Yapılan başka yorumlarda, AB-Türkiye ilişkilerine yeni bir ivme kazandırılmasının, Kıbrıs, Doğu Akdeniz ile Libya’daki siyasi gerilimler nedeniyle daha da zorlaştığı tahmin ediliyor. Ancak aynı zamanda, AB’nin dünya siyasetindeki ağırlığının daha fazla hissedilmesi hedefi nedeniyle, Almanya’nın Ankara ile diplomatik temaslara önümüzdeki aylarda hız kazandırması bekleniyor.
Almanya’nın AB Dönem Başkanlığı‘nın, AB-Türkiye ilişkilerine yeni bir ivme getirip getiremeyeceği konusunda soruları yanıtlayan uzman ve siyasetçiler, bu konuda pek iyimser konuşmuyor.

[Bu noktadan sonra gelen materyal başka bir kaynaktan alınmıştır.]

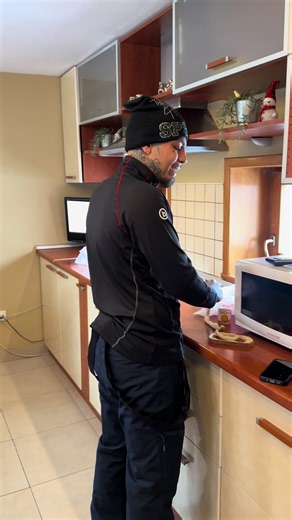 Beto și confuzia parizerului: porc sau pui?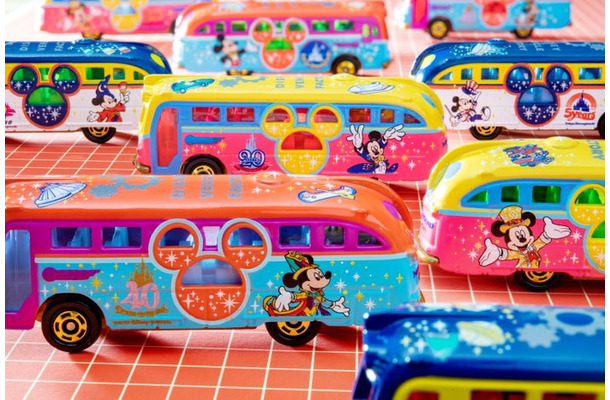 東京ディズニーランドに「DISNEY VEHICLE FACTORY」が誕生（C）Disney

Avrupa Parlamentosu Sosyalistler ve Demokratlar Grubu (S&D) üyesi İsmail Ertuğ’un görüşleri şöyle:
“Almanya’nın başkanlık dönemi zor bir döneme rastlıyor. Corona krizi tüm dünyayı olduğu gibi Avrupa Birliği’ni de ciddi bir şekilde vurdu. AB’nin hazırladığı 750 milyarlık Euro’luk ekonomiyi kurtarma paketinin dağıtımı Almanya’nın dönem başkanlığında olacak. Dolayısıyla Almanya‘nın burada ciddi bir mesafe kaydetmesi gerekiyor. Ben Almanya’nın bunu başaracağı kanaatindeyim. Almanya ekonomisi en güçlü ülke. Burada altı ay boyunca önemli bir siyaset yapılacağına inanıyorum. Türkiye tarafından baktığımızda ise ilişkilerin çok iyi ilerleyeceğini düşünmüyorum. Dondurulmuş haliyle, olduğu gibi devam eder. Bazıları bunu söylemekten çekiniyor, ama ben bunu söylemek durumundayım. AB, Türkiye’deki baskıcı yönetim devam ettiği sürece bir adım atmayacaktır. Bunu biliyorum, içersindeyim, konuşulanları duyuyorum, yapılanları görüyorum. Doğruyu söylemek o açıdan yanlış değil.”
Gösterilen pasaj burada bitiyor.